**TASK**
Would you repeat the data below exactly, taking out the images?

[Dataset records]
▬▬▬▬▬▬
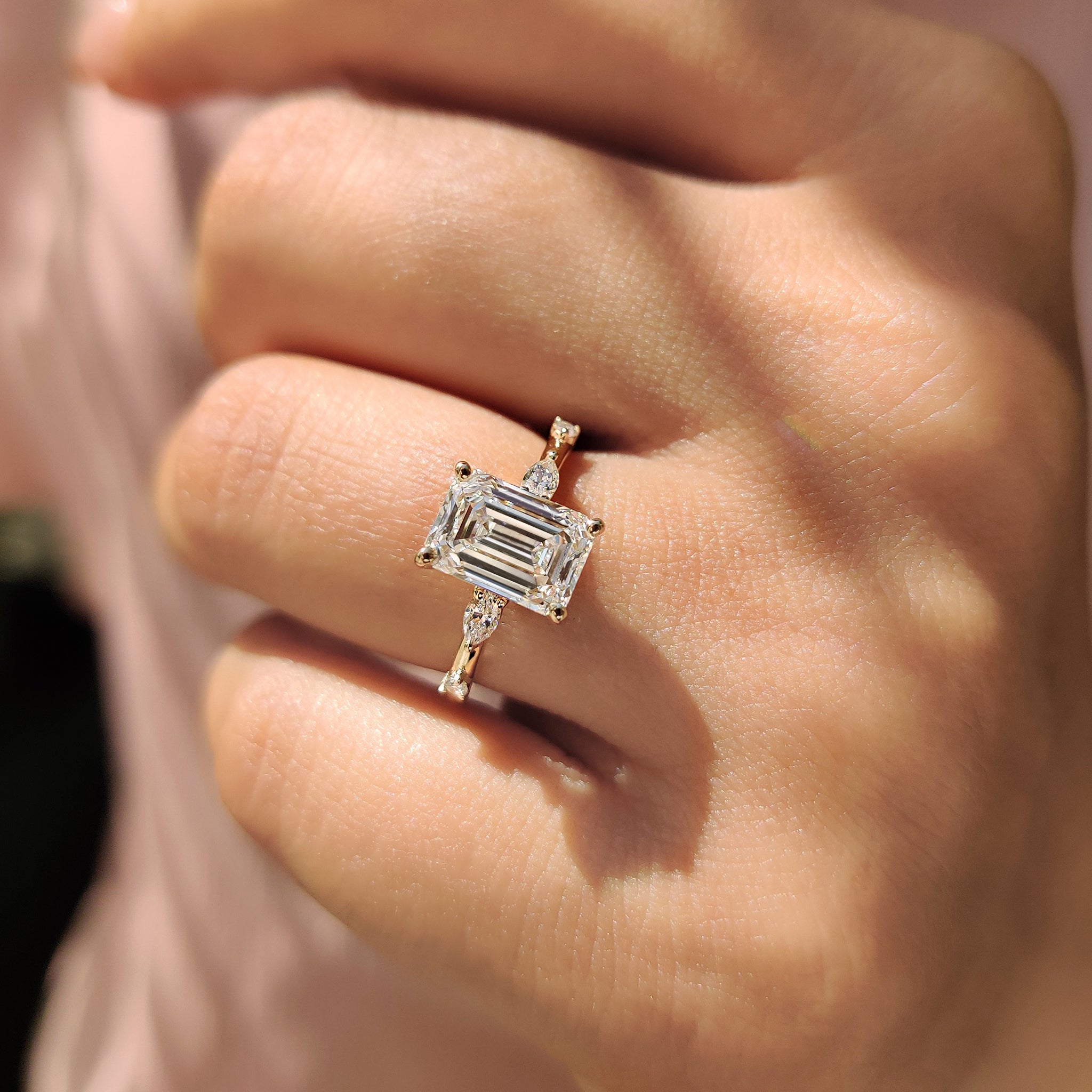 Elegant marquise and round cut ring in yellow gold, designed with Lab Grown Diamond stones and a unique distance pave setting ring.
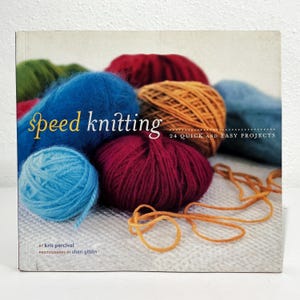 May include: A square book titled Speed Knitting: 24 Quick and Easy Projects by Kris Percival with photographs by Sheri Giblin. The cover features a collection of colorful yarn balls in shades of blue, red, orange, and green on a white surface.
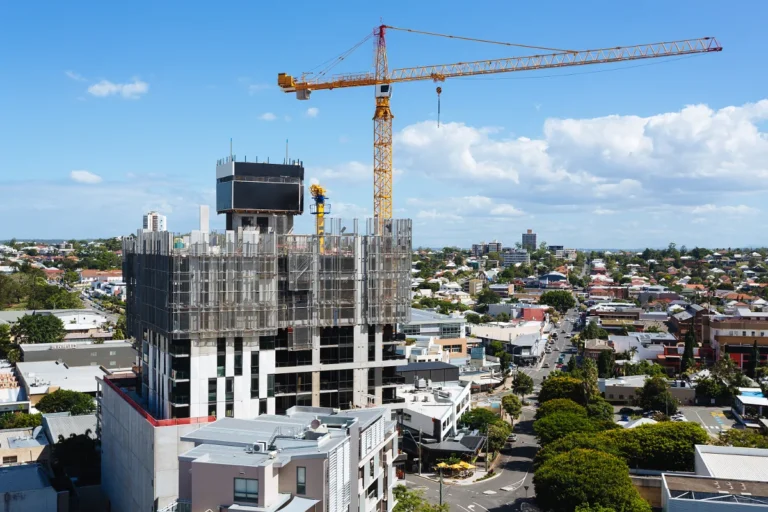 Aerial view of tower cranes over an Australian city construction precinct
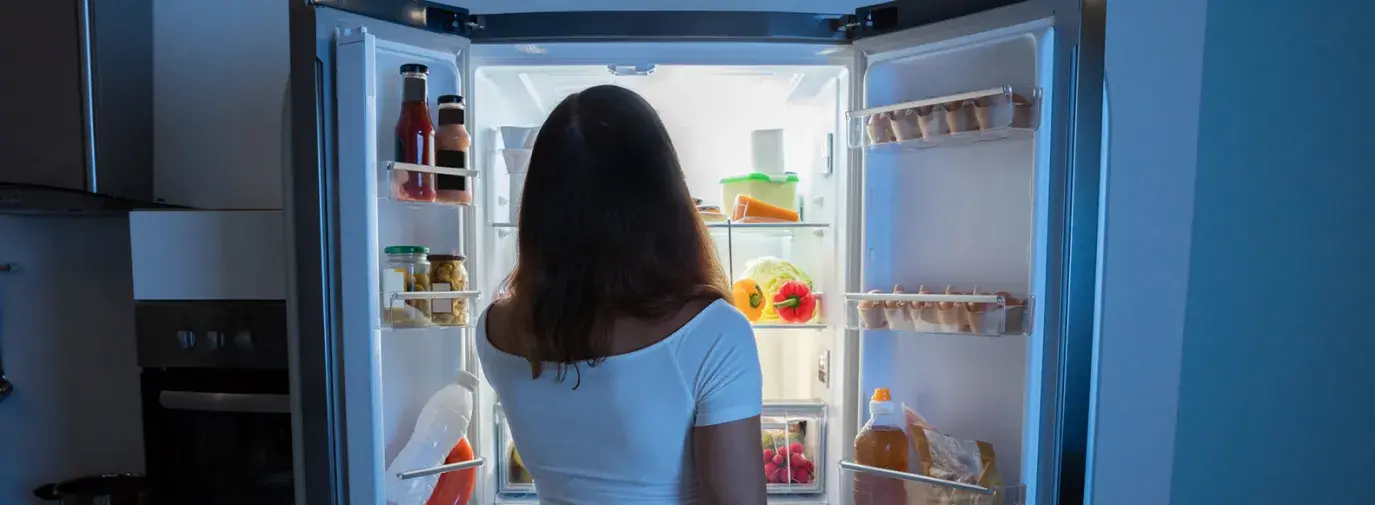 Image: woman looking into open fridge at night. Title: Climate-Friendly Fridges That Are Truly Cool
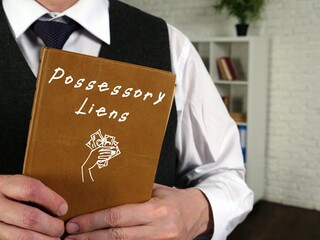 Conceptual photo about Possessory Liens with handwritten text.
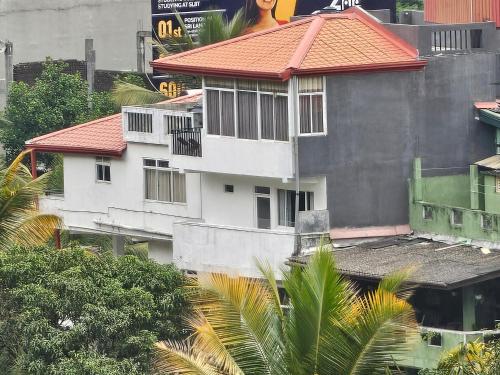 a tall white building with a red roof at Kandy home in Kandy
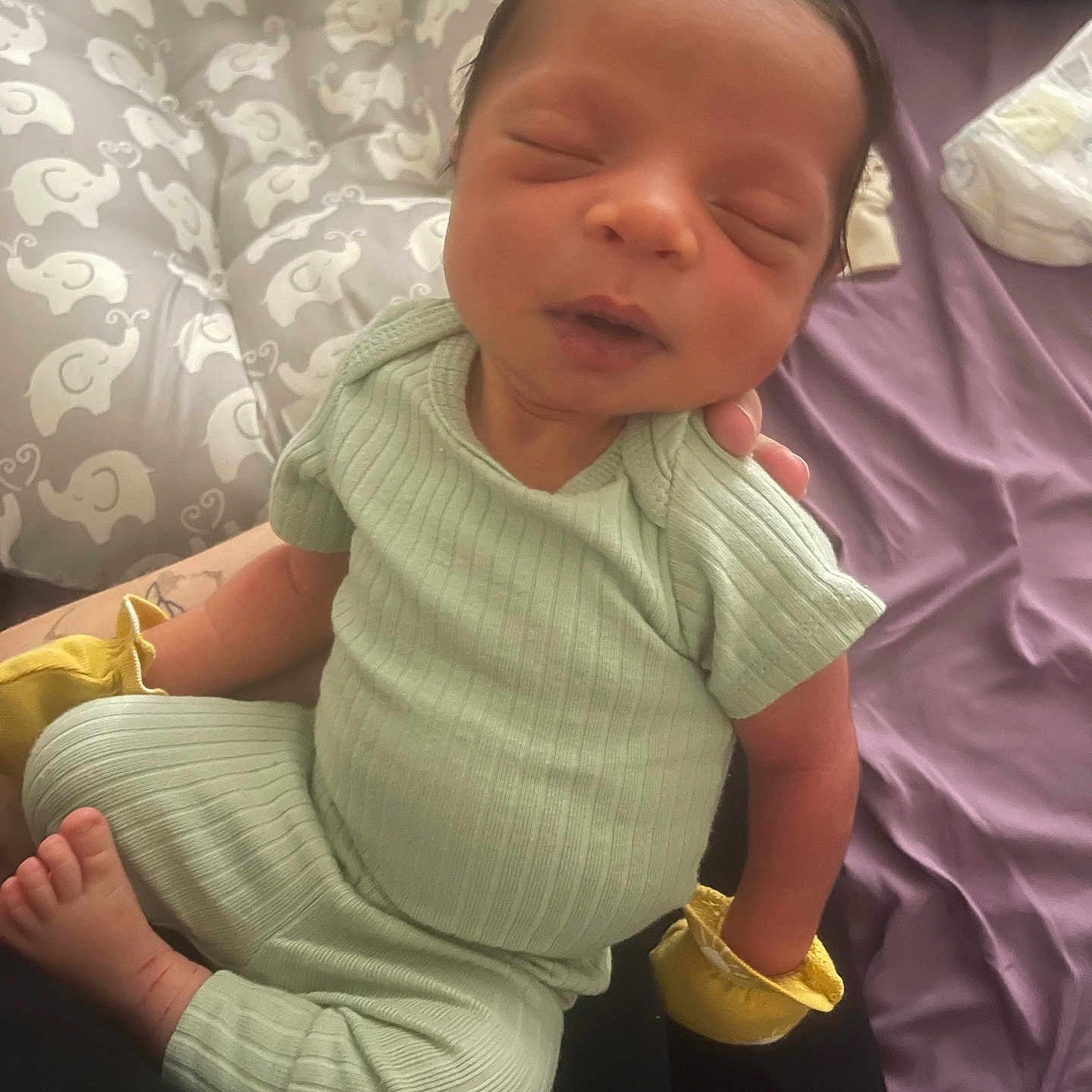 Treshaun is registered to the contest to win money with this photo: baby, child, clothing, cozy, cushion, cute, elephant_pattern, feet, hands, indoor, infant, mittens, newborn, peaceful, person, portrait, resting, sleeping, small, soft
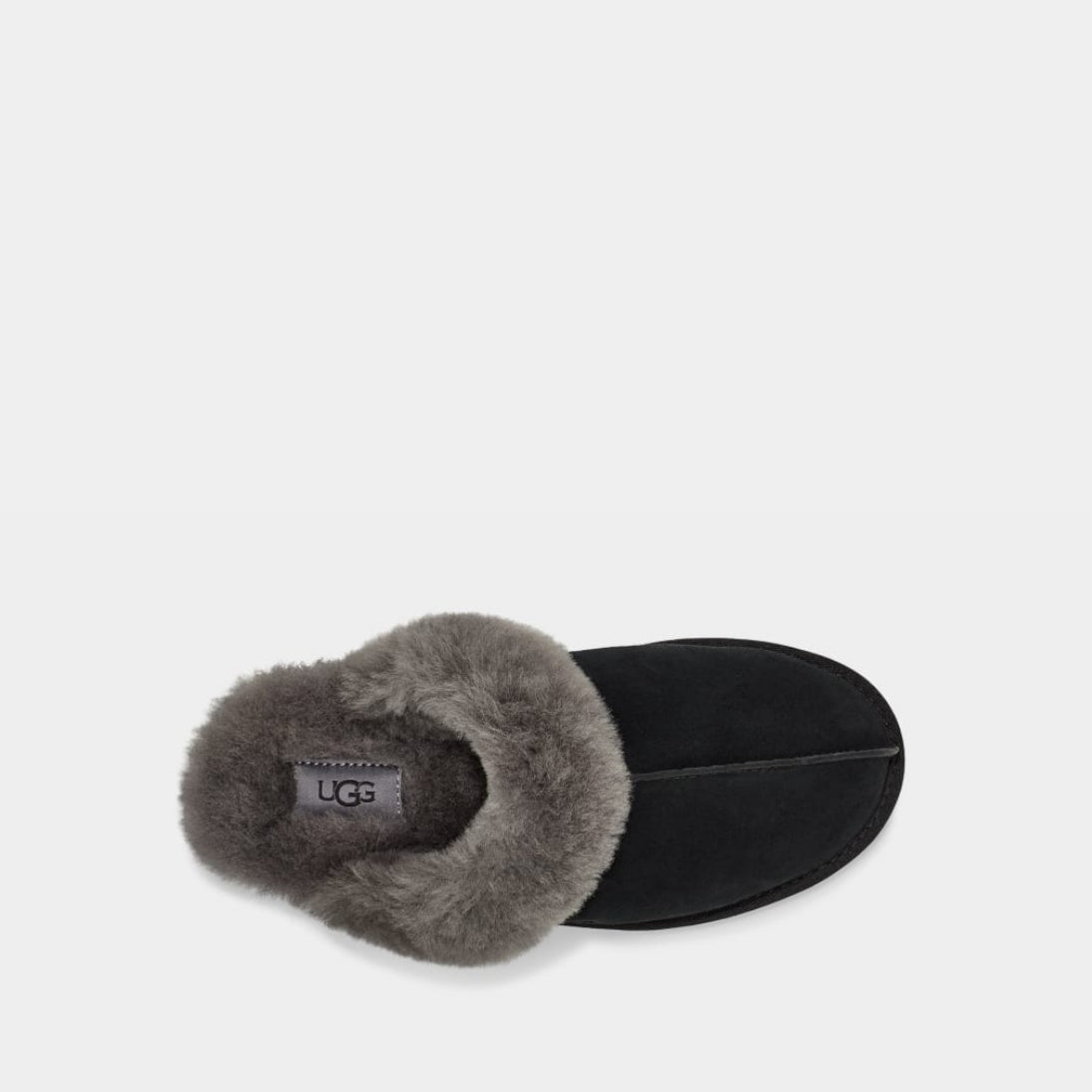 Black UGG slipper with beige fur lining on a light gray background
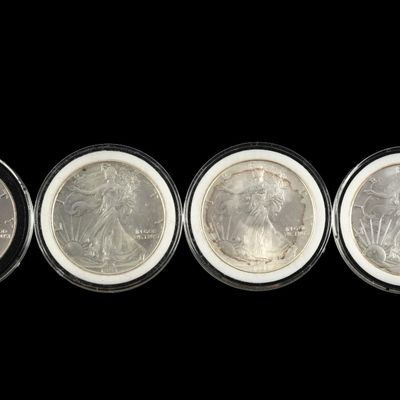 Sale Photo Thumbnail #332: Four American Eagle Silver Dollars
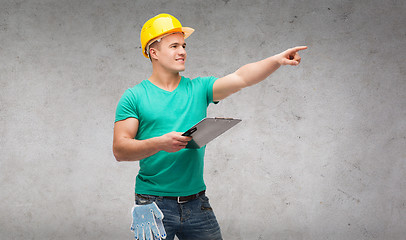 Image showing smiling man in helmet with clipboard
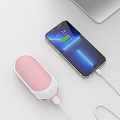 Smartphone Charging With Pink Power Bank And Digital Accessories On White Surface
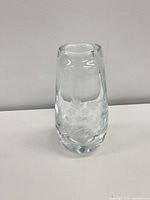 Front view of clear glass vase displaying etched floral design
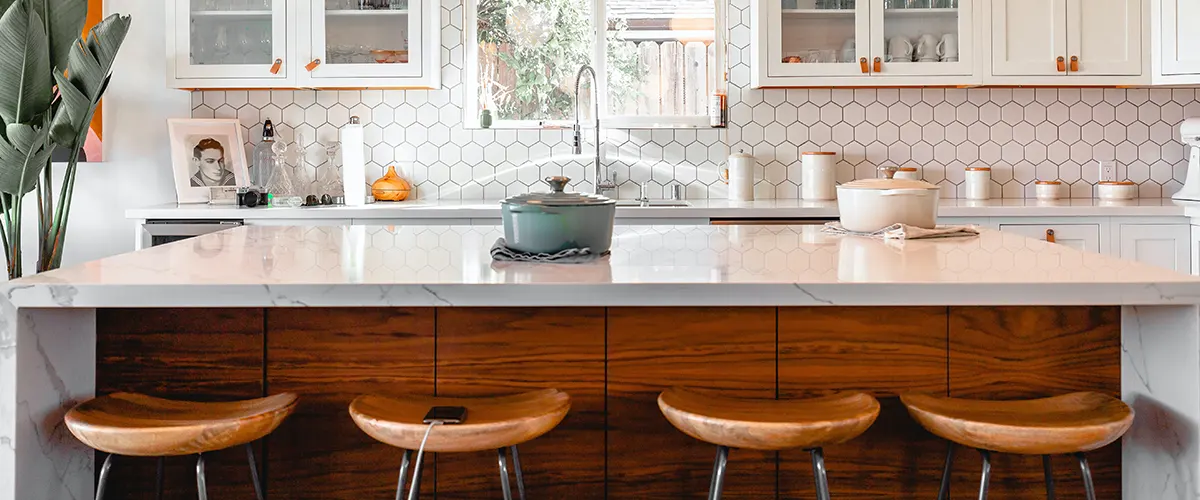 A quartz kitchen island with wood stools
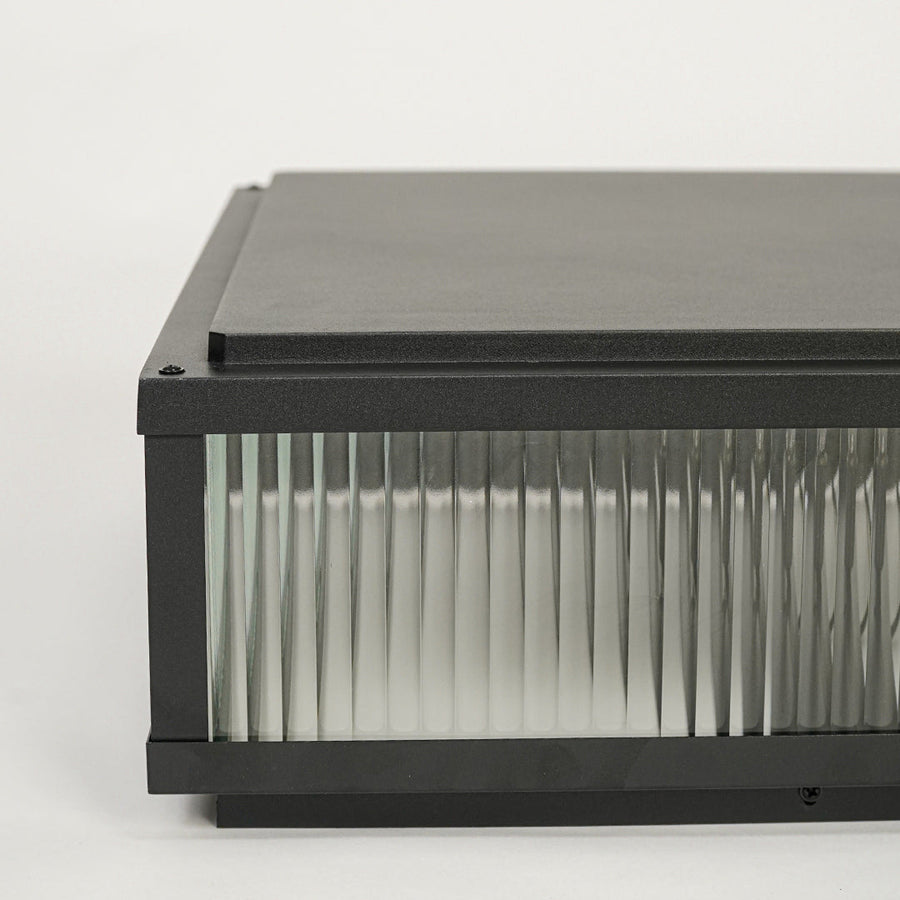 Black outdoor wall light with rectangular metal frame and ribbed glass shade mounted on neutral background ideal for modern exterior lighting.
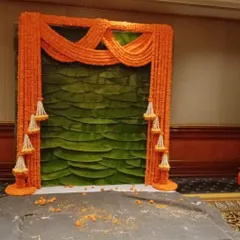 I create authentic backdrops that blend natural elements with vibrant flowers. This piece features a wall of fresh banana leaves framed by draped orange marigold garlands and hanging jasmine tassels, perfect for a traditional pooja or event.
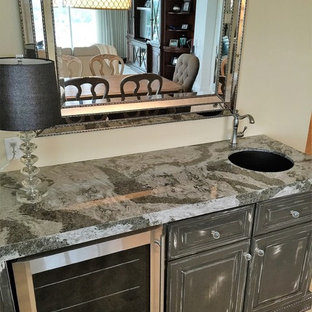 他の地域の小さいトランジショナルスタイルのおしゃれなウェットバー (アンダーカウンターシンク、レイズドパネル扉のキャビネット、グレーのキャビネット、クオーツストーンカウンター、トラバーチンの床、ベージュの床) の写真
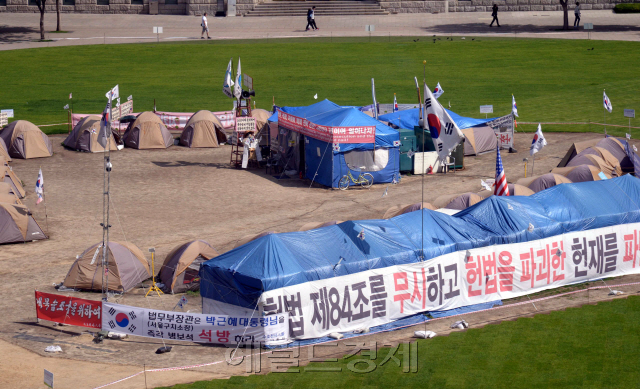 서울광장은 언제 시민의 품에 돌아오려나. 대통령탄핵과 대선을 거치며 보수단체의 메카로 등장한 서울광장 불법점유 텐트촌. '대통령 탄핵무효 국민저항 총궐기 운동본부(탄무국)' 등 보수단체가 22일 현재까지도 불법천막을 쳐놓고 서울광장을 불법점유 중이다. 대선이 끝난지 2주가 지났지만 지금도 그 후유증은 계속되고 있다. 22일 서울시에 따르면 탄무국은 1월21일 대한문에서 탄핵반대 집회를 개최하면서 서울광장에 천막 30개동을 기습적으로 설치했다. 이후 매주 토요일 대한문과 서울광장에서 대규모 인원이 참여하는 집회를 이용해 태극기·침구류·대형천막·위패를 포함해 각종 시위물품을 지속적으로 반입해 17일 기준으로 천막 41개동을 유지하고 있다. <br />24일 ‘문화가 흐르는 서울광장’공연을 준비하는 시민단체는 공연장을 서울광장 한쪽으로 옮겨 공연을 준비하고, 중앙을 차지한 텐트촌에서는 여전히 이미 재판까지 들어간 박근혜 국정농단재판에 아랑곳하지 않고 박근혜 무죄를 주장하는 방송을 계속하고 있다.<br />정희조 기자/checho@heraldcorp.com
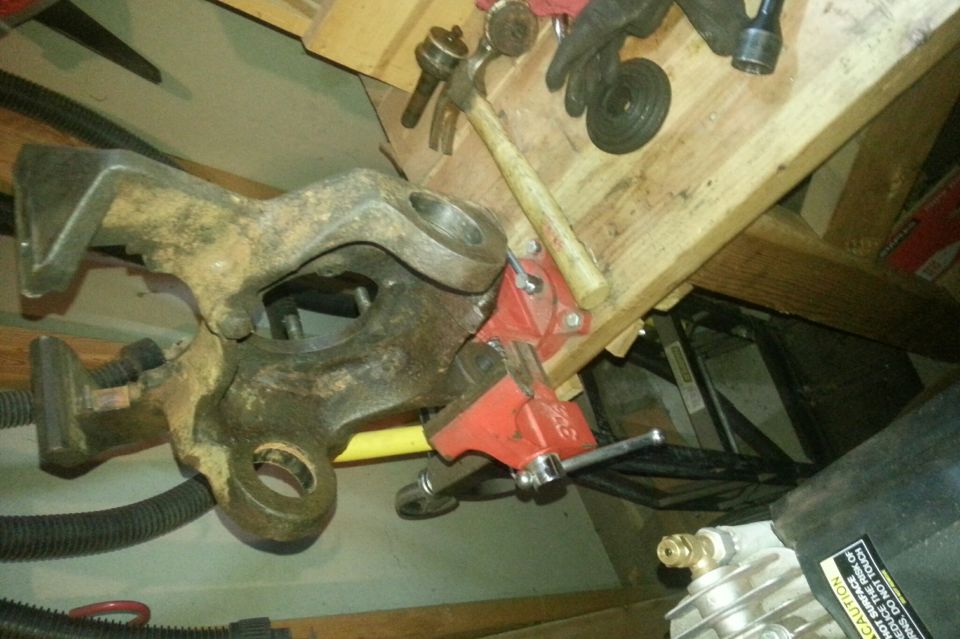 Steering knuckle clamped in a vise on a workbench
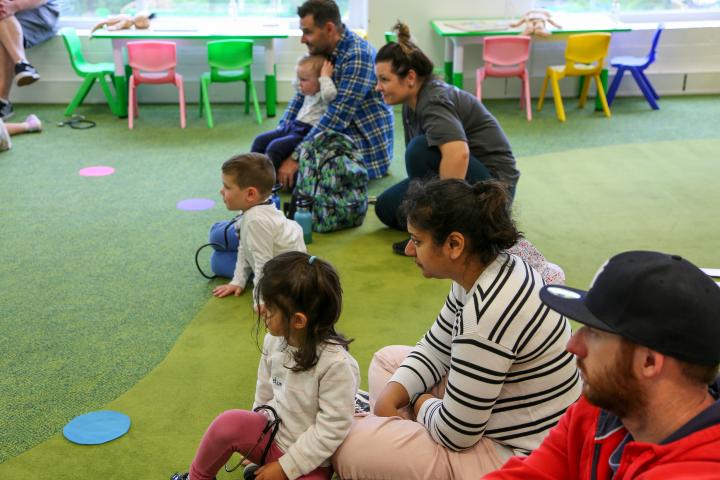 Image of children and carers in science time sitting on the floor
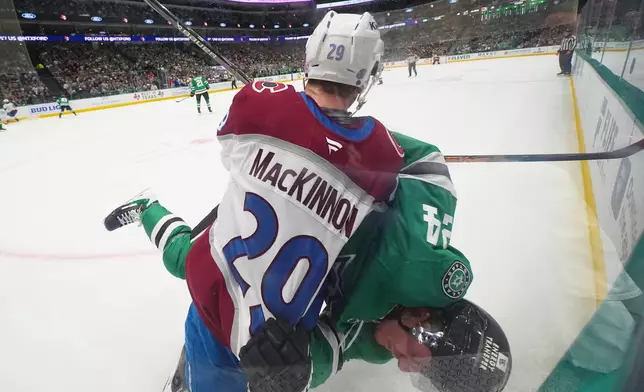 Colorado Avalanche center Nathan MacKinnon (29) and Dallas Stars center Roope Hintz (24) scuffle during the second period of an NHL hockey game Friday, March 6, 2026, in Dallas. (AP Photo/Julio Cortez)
▬▬▬▬▬▬
**WORKED SOLUTION**
 Elegant marquise and round cut ring in yellow gold, designed with Lab Grown Diamond stones and a unique distance pave setting ring.
 May include: A square book titled Speed Knitting: 24 Quick and Easy Projects by Kris Percival with photographs by Sheri Giblin. The cover features a collection of colorful yarn balls in shades of blue, red, orange, and green on a white surface.
 Aerial view of tower cranes over an Australian city construction precinct
 Image: woman looking into open fridge at night. Title: Climate-Friendly Fridges That Are Truly Cool
 Conceptual photo about Possessory Liens with handwritten text.
 a tall white building with a red roof at Kandy home in Kandy
 Treshaun is registered to the contest to win money with this photo: baby, child, clothing, cozy, cushion, cute, elephant_pattern, feet, hands, indoor, infant, mittens, newborn, peaceful, person, portrait, resting, sleeping, small, soft
 Black UGG slipper with beige fur lining on a light gray background
 Sale Photo Thumbnail #332: Four American Eagle Silver Dollars
 Image showing smiling man in helmet with clipboard
 Smartphone Charging With Pink Power Bank And Digital Accessories On White Surface
 Front view of clear glass vase displaying etched floral design
 A quartz kitchen island with wood stools
 Black outdoor wall light with rectangular metal frame and ribbed glass shade mounted on neutral background ideal for modern exterior lighting.
 I create authentic backdrops that blend natural elements with vibrant flowers. This piece features a wall of fresh banana leaves framed by draped orange marigold garlands and hanging jasmine tassels, perfect for a traditional pooja or event.
 他の地域の小さいトランジショナルスタイルのおしゃれなウェットバー (アンダーカウンターシンク、レイズドパネル扉のキャビネット、グレーのキャビネット、クオーツストーンカウンター、トラバーチンの床、ベージュの床) の写真
 서울광장은 언제 시민의 품에 돌아오려나. 대통령탄핵과 대선을 거치며 보수단체의 메카로 등장한 서울광장 불법점유 텐트촌. '대통령 탄핵무효 국민저항 총궐기 운동본부(탄무국)' 등 보수단체가 22일 현재까지도 불법천막을 쳐놓고 서울광장을 불법점유 중이다. 대선이 끝난지 2주가 지났지만 지금도 그 후유증은 계속되고 있다. 22일 서울시에 따르면 탄무국은 1월21일 대한문에서 탄핵반대 집회를 개최하면서 서울광장에 천막 30개동을 기습적으로 설치했다. 이후 매주 토요일 대한문과 서울광장에서 대규모 인원이 참여하는 집회를 이용해 태극기·침구류·대형천막·위패를 포함해 각종 시위물품을 지속적으로 반입해 17일 기준으로 천막 41개동을 유지하고 있다. <br />24일 ‘문화가 흐르는 서울광장’공연을 준비하는 시민단체는 공연장을 서울광장 한쪽으로 옮겨 공연을 준비하고, 중앙을 차지한 텐트촌에서는 여전히 이미 재판까지 들어간 박근혜 국정농단재판에 아랑곳하지 않고 박근혜 무죄를 주장하는 방송을 계속하고 있다.<br />정희조 기자/checho@heraldcorp.com
 Steering knuckle clamped in a vise on a workbench
 Image of children and carers in science time sitting on the floor
 Colorado Avalanche center Nathan MacKinnon (29) and Dallas Stars center Roope Hintz (24) scuffle during the second period of an NHL hockey game Friday, March 6, 2026, in Dallas. (AP Photo/Julio Cortez)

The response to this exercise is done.